Henry Fields, only African-American Albany Fire Department chief, dies
Jennifer Parks
ALBANY — Henry Fields, the only African American to serve as chief of the Albany Fire Department, died Sunday evening, officials from the AFD confirm.
Albany Fire Chief James Carswell said Monday that the wife of the former chief had informed the AFD of Fields’ passing. Fields was chief of the Albany Fire Department from 1991 up until his retirement in 2000.
In that time, he also served as the Emergency Management director during the floods in 1994 and 1998, as well as during at least one tornado-related incident in the area.
“Our prayers are with the family,” Carswell said. “He was one of us. It is like losing a member of the family.”
In May 1999, it was announced that Fields, then 54, would be retiring on Jan. 14, 2000. He first joined the fire department in 1974 and worked his way up the ladder. He became one of three assistant fire chiefs in 1989 before becoming chief in 1991.
He was a 1963 graduate of Monroe High School and attended Newark Community College before returning home in 1964. He and his wife, Dorothy Fields, had two daughters. He was working as an auto mechanic in Albany when he applied for a job at the fire department.
His personnel record remained clean until near the end of his tenure when six firefighters filed violence-in-the-workplace complaints against him after a meeting in which Fields was accused by one of the firefighters of getting “in his face” and yelling at him in the meeting. As a result of that incident, then City Manager Janice Allen Jackson gave Fields a written reprimand and ordered him to attend anger management classes.
The firefighter to make that complaint, Dewayne Denney, was ordered to attend anger management classes after the investigation into the complaints, The Albany Herald reported on May 21, 1999 said. Reports show that lawsuits were filed against Fields on three different occasions by AFD firefighters.

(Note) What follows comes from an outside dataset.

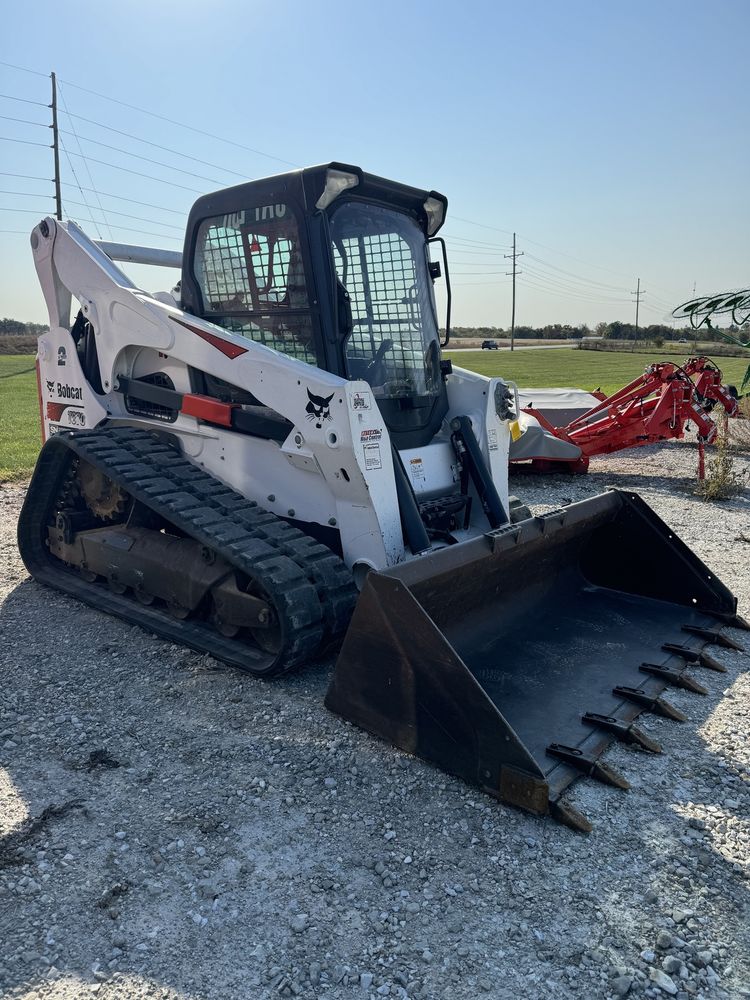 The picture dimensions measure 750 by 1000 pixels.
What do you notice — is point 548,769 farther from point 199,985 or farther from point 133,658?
point 133,658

Fields spent the last few months of his tenure completing the Emergency Operations Center, Fire Station 6 and early warning system projects. James Arrowood, son of a retired firefighter and an Air Force veteran who had been with the AFD since 1973, was named as Fields’ replacement out of the field of 26 candidates who applied for the job.
The flag at the AFD Headquarters on North Jackson Street is expected to be flown at half-mast until after the memorial service for Fields. Meadows Funeral Home is handling of the funeral arrangements, Carswell said.